Give housing incentives to older homeowners – not first-time buyers
Why doesn’t the government encourage companies to build not starter, but retirement homes, asks Mary Dejevsky
The government is in trouble (again) over its plans to encourage more housebuilding. Its Levelling Up Bill sets targets for councils to build more houses and prescribes penalties if they don’t. Nearly 50 Conservative MPs oppose any target-setting, arguing that local councils and local people should have the final say.
We are back to the old argument about Nimbyism: the interests of those with nice houses in desirably leafy places are seen as pitted against the interests of those who cannot afford either to buy even a modest first home, or to move to a bigger place to accommodate their growing family. The former will fight tooth and nail to stop a charmless estate being built on the green fields next door. The latter need somewhere, preferably somewhere pleasant and convenient, to live.

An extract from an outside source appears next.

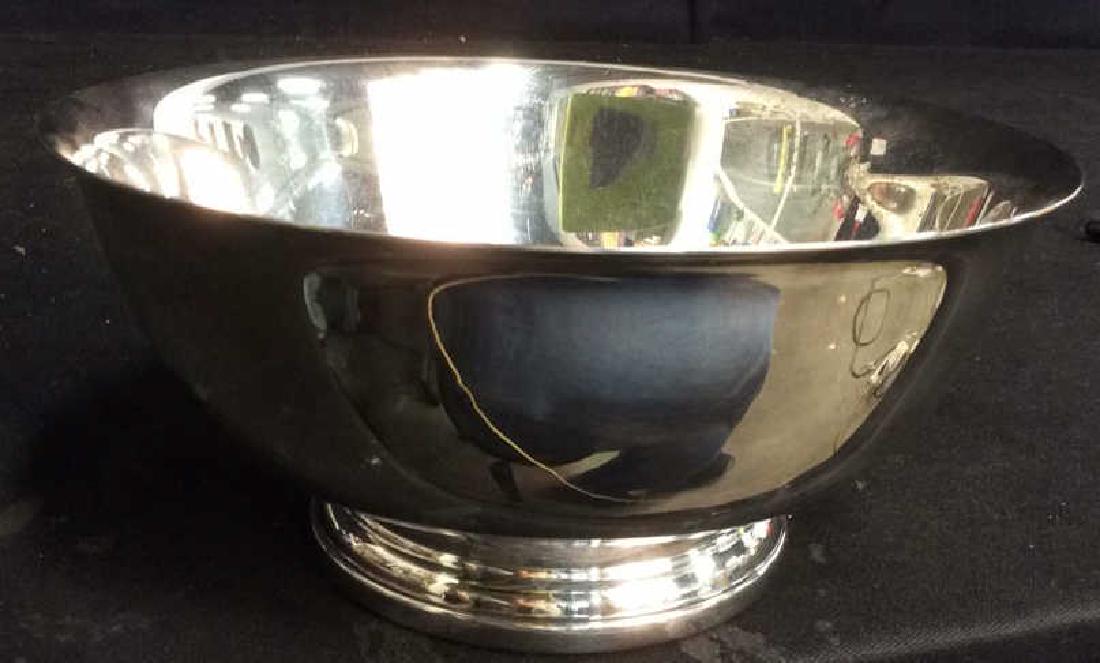 Gorham Footed Silver Plate Revere Bowl (1 of 7)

The Conservative Party has an ideological foot in both camps and struggles to please both. It was spooked by the Liberal Democrat victory in the Chesham and Amersham by-election last summer, where Tory plans to ease planning rules nationally became a serious vote-loser in a hitherto safe seat. But not providing more homes is seen as helping to drive prices up and locking younger people out of the market. Doing nothing – or not very much – thus loses the party votes, too, not to mention, potentially, the bedrock of its future support.